* _Data for processing_

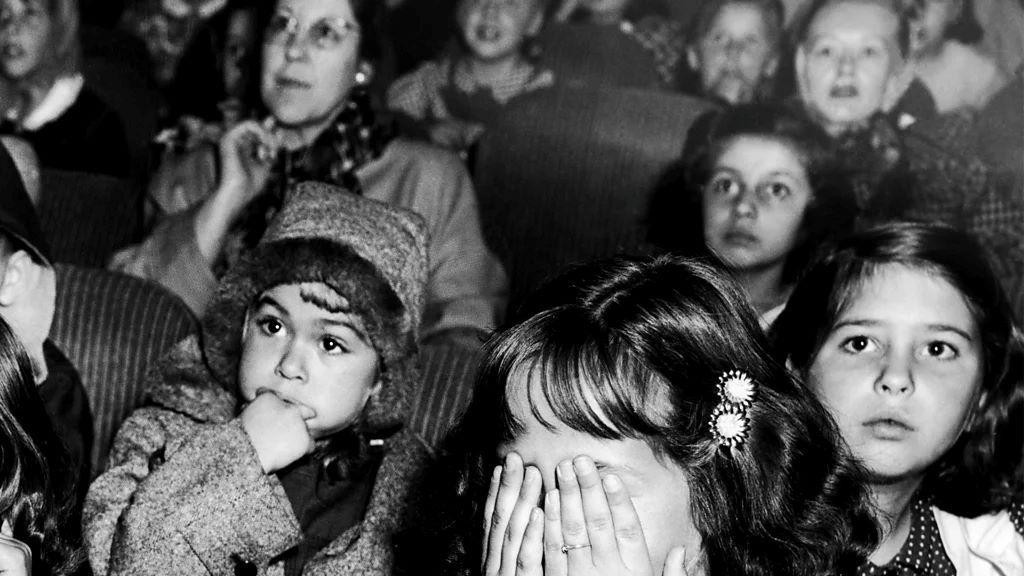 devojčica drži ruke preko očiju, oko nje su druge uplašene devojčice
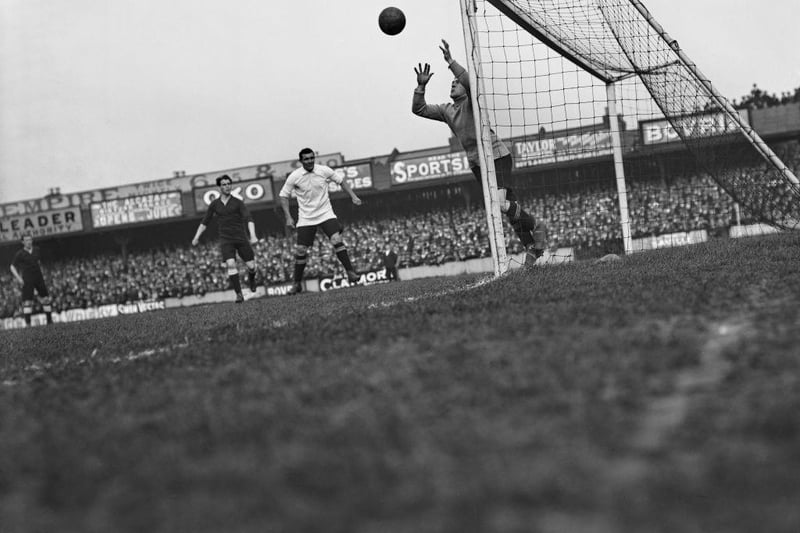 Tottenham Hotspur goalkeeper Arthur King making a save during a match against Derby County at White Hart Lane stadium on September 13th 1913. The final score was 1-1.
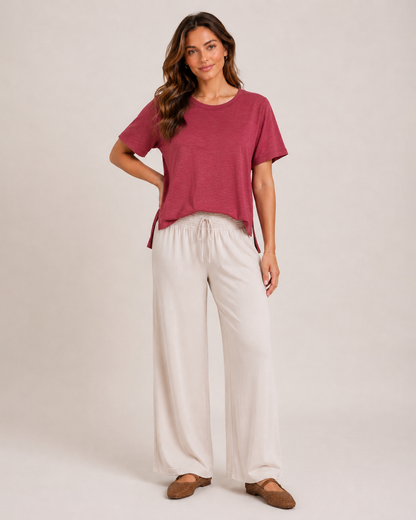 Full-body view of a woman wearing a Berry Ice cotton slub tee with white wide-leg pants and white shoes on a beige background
...
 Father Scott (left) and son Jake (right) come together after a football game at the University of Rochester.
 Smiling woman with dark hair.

* _About this task_
For the data above, set down exactly the lines from the line with "devojčica drži ruke" to the line with "Full-body view of", both included, leaving pictures out.

* _Solution below_
 devojčica drži ruke preko očiju, oko nje su druge uplašene devojčice
 Tottenham Hotspur goalkeeper Arthur King making a save during a match against Derby County at White Hart Lane stadium on September 13th 1913. The final score was 1-1.
 Full-body view of a woman wearing a Berry Ice cotton slub tee with white wide-leg pants and white shoes on a beige background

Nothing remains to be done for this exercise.